How to complete this task -> An exact copy of every record, with no pictures, please.
>>>>
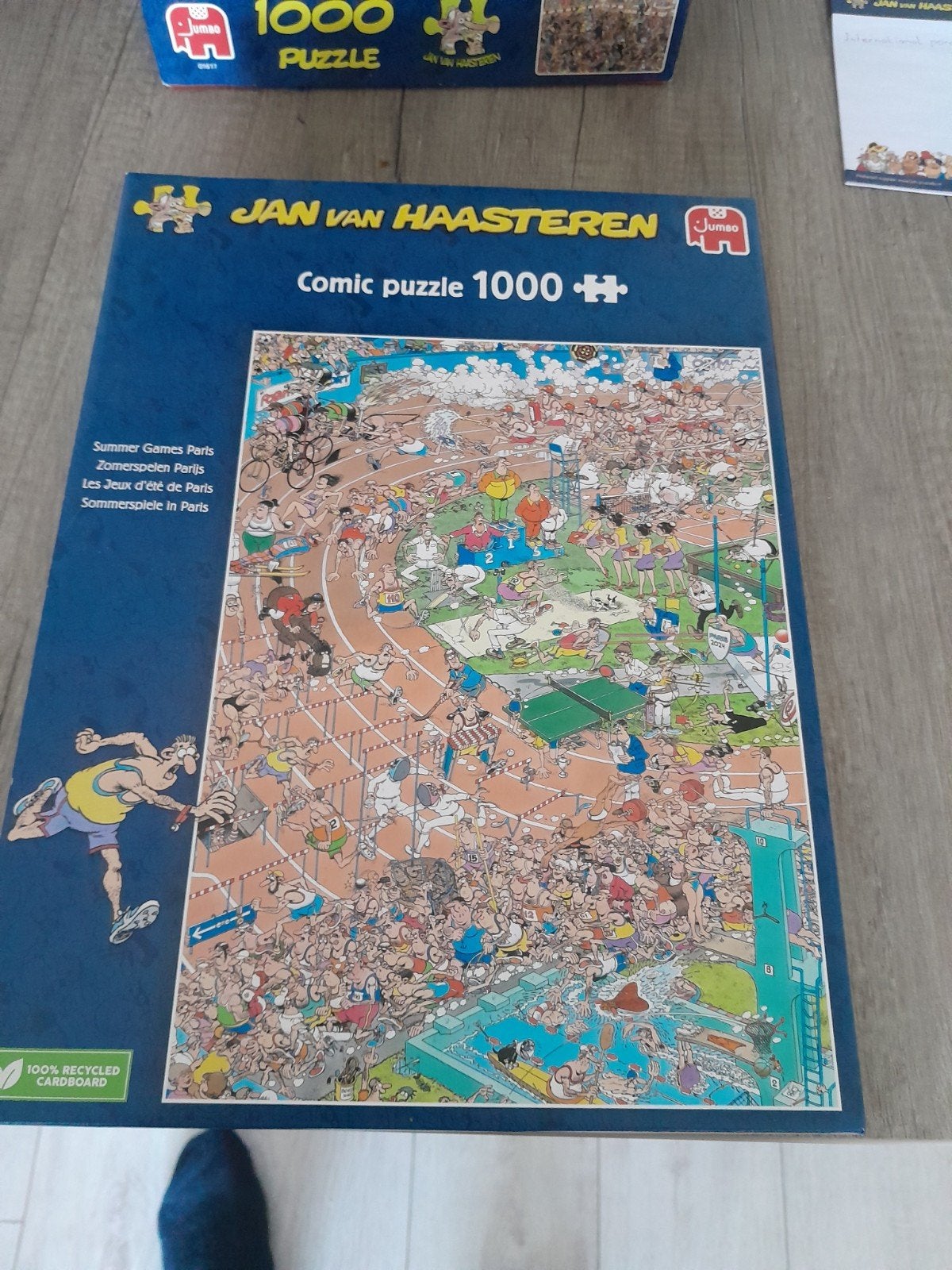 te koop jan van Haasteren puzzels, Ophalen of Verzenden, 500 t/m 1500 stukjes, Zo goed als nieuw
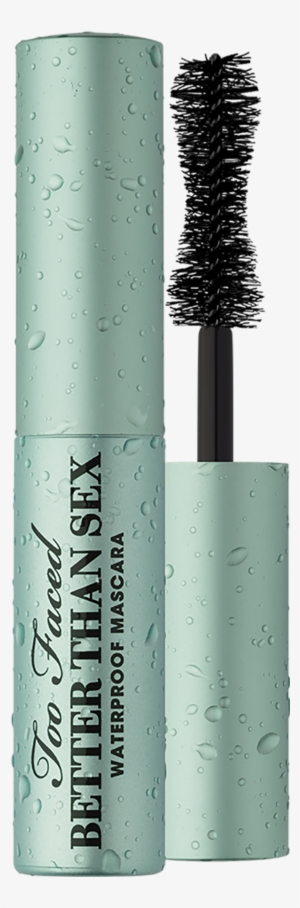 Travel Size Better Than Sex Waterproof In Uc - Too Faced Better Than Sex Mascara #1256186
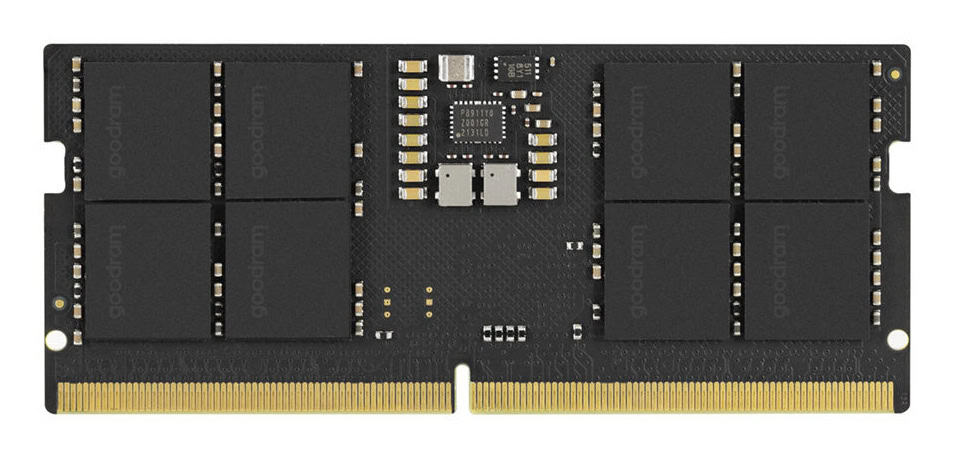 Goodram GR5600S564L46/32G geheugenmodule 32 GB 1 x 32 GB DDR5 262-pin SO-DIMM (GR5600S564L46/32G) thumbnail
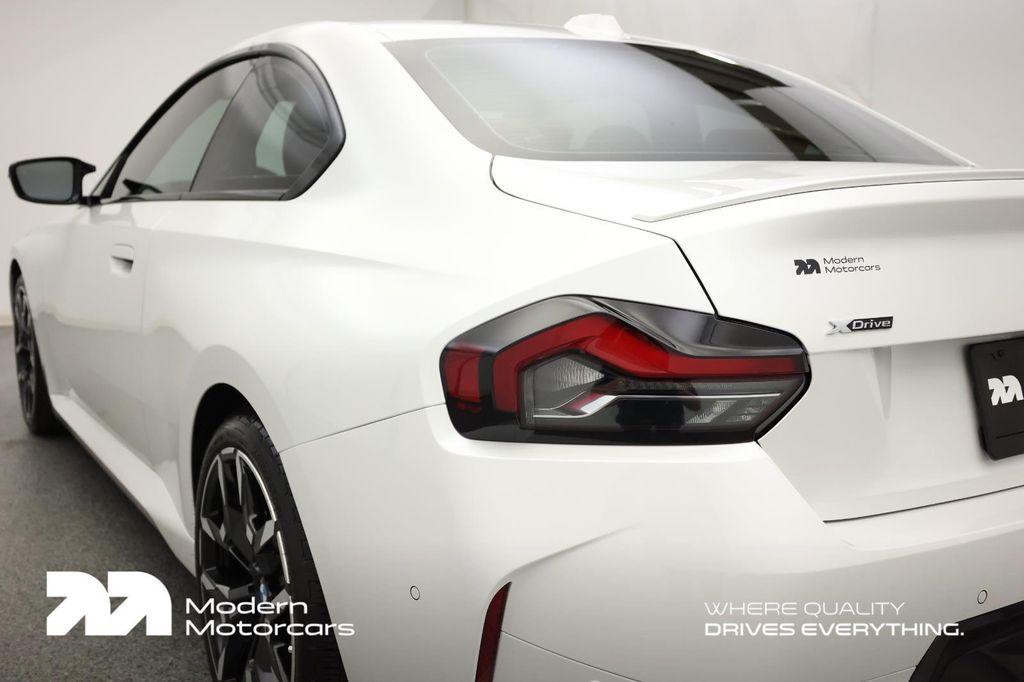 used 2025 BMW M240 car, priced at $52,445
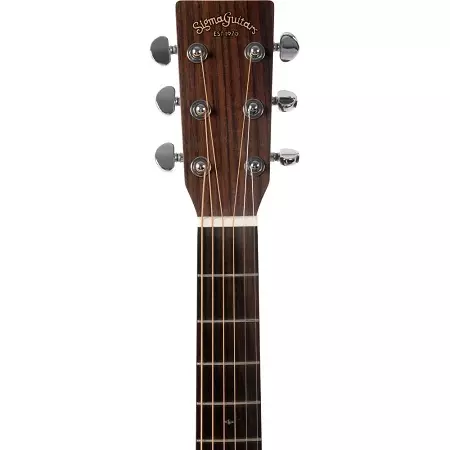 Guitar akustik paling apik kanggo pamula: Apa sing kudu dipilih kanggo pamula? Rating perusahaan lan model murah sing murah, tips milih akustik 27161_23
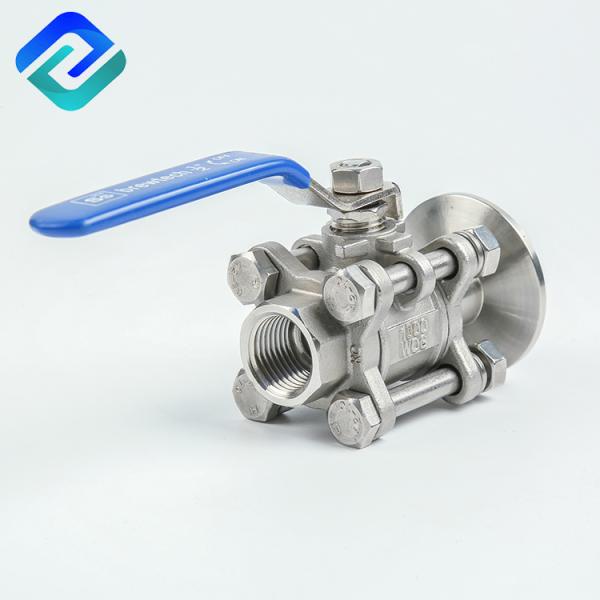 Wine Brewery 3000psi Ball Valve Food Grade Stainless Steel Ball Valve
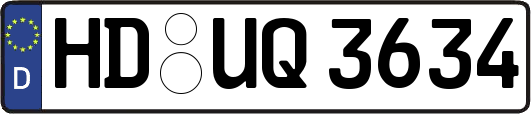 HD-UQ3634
<<<<
Output for this exercise ->
 te koop jan van Haasteren puzzels, Ophalen of Verzenden, 500 t/m 1500 stukjes, Zo goed als nieuw
 Travel Size Better Than Sex Waterproof In Uc - Too Faced Better Than Sex Mascara #1256186
 Goodram GR5600S564L46/32G geheugenmodule 32 GB 1 x 32 GB DDR5 262-pin SO-DIMM (GR5600S564L46/32G) thumbnail
 used 2025 BMW M240 car, priced at $52,445
 Guitar akustik paling apik kanggo pamula: Apa sing kudu dipilih kanggo pamula? Rating perusahaan lan model murah sing murah, tips milih akustik 27161_23
 Wine Brewery 3000psi Ball Valve Food Grade Stainless Steel Ball Valve
 HD-UQ3634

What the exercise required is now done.